System and method for accessing devices with a console server
A system and method for accessing a plurality of devices with a console server. The plurality of devices includes a first device having a console port and a second device having a network connection. A port of a console server is communicatively coupled to a first device. A network connection of the console server is communicatively coupled to the network connection of the second device across a network. Device management processes on the connected first and second devices are accessed via the console server and information regarding the connected first and second devices is displayed on the console server user interface.
This application is a continuation-in-part under 37 C.F.R. 1.53(b) of U.S. Application Ser. No. 11/112,146 filed Apr. 22, 2005, which application is incorporated herein by reference and made a part hereof.
COPYRIGHTA portion of the disclosure of this patent document contains material that is subject to copyright protection. The copyright owner has no objection to the facsimile reproduction by anyone of the patent document or the patent disclosure, as it appears in the Patent and Trademark Office patent files or records, but otherwise reserves all copyright rights whatsoever. The following notice applies to the software and data as described below and in the drawings that form a part of this document: Copyright© 1996-2005 Digi International. All rights reserved.
TECHNICAL FIELDThis patent document pertains generally to console servers, and more particularly, but not by way of limitation, to control of devices by a console server.
BACKGROUNDWhen communication with a piece of data equipment across the network is lost, out-of-band access to the data equipment can often be used to regain control. Out-of-band access means access that is not linked to the network stack; it provides access outside the network link for control and configuration of data equipment.
Many pieces of data equipment are equipped with console ports. Console ports are serial ports; each console port typically is handled by the core of the operating system within the piece of data equipment, and not by any subordinate instance. The console port is often, therefore, the most reliable path to communicate with the kernel.
For many pieces of data equipment, the console port is the only mechanism that can be used for initial configuration and emergency management.
Console servers connect to console ports in order to provide “out-of-band” access to data equipment. A console server typically includes a network connection and one or more serial ports. Devices such as servers, routers, switches, private branch exchanges (PBX), firewalls, and other such network devices can be controlled by the console server through the console server's serial ports.
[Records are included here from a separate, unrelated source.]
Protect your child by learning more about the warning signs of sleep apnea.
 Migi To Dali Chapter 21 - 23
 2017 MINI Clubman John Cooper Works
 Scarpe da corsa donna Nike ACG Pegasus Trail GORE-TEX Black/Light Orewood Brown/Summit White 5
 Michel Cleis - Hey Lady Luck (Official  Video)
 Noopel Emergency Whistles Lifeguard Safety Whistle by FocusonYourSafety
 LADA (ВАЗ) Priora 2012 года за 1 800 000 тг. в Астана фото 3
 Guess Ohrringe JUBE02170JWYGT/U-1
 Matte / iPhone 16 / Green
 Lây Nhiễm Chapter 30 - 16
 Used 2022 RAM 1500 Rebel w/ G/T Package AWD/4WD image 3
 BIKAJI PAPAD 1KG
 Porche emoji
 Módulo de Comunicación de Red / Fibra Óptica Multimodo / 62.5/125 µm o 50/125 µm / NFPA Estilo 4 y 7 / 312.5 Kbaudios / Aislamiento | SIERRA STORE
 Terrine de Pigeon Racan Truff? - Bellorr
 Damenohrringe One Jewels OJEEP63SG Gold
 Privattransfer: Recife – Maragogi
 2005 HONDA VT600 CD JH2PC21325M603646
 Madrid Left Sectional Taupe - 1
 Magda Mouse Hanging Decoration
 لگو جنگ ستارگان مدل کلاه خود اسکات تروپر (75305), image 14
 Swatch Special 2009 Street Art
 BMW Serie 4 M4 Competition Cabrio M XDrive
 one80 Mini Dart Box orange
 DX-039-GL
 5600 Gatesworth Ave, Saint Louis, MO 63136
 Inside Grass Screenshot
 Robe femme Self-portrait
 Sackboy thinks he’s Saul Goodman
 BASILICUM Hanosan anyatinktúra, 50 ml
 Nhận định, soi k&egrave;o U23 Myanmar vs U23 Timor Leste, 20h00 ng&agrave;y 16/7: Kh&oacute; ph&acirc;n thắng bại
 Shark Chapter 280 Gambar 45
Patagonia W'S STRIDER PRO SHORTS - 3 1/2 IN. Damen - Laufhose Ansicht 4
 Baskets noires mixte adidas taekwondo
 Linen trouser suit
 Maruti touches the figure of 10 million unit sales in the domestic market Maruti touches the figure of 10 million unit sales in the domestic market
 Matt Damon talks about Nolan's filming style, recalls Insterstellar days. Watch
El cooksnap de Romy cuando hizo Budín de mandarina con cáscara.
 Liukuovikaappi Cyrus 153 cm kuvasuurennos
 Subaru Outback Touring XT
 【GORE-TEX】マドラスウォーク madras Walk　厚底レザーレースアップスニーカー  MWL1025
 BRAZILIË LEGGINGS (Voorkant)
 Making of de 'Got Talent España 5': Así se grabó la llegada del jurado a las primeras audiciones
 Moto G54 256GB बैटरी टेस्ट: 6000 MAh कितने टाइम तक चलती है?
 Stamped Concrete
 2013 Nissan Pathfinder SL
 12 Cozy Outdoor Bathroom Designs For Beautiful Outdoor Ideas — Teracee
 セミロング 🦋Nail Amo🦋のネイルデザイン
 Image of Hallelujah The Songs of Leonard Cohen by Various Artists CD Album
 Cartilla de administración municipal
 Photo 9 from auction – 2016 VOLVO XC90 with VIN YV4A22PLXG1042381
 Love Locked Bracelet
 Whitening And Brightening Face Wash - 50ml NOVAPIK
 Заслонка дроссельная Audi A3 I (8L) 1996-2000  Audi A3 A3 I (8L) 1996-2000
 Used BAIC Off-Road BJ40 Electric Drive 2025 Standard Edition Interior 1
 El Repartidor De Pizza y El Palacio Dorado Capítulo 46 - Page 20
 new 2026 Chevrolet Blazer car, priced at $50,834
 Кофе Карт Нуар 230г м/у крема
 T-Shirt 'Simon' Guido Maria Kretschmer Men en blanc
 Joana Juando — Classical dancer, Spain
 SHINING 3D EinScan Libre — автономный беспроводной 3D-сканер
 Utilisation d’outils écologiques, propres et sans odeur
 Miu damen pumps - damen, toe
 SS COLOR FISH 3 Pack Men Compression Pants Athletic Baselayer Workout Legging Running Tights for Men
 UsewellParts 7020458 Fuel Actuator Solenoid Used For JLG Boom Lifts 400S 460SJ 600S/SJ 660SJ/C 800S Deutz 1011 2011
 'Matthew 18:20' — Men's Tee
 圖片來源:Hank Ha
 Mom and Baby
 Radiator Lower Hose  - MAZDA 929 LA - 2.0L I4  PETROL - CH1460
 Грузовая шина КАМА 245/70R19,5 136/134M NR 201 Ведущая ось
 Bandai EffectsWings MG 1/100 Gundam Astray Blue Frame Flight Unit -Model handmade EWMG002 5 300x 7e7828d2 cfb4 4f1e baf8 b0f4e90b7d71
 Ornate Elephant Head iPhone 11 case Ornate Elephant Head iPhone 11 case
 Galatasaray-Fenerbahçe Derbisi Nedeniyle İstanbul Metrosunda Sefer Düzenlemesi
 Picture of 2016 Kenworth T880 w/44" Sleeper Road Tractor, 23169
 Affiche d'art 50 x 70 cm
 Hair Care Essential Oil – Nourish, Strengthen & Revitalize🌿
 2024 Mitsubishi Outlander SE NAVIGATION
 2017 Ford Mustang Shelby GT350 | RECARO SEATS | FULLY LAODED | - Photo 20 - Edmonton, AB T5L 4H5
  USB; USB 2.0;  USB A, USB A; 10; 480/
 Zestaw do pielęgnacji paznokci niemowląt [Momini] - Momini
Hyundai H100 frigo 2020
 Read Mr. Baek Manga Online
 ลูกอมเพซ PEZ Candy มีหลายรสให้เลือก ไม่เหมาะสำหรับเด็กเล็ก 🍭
Console servers are controlled in turn via the network connection. They typically can be accessed and maintained from anywhere on the network, providing great flexibility in data center monitoring and management. Software on the console server can, for instance, monitor the console output of each piece of data equipment and notify the administrator regarding critical situations or can log user interaction or messages from the console port and document them for audit logs.
In a typical console management application, like a data center, most of the devices connected are in a close proximity. Many companies, however, have devices scattered throughout their facilities in closets or in remote sites. Such devices would benefit from console server management. What is needed is a system and method for controlling data equipment remote from a console server.
SUMMARYAccording to one aspect of the invention, a system and method is described for accessing a plurality of devices with a console server. A port of an intermediate device is communicatively coupled to the console port of one of the devices. A port of the console server is communicatively coupled to the console port of another one of the devices. A network connection of the console server is communicatively coupled to the network connection of the intermediate device. Device management processes on the connected devices are accessed via the console server and information regarding the connected devices is displayed on the console server user interface.
According to another aspect of the present invention, a system and method is described for accessing a plurality of devices with a console server. The plurality of devices include a first device having a console port and a second device having a network connection. A port of a console server is communicatively coupled to a first device. A network connection of the console server is communicatively coupled to the network connection of the second device across a network. Device management processes on the connected first and second devices are accessed via the console server and information regarding the connected first and second devices is displayed on the console server user interface.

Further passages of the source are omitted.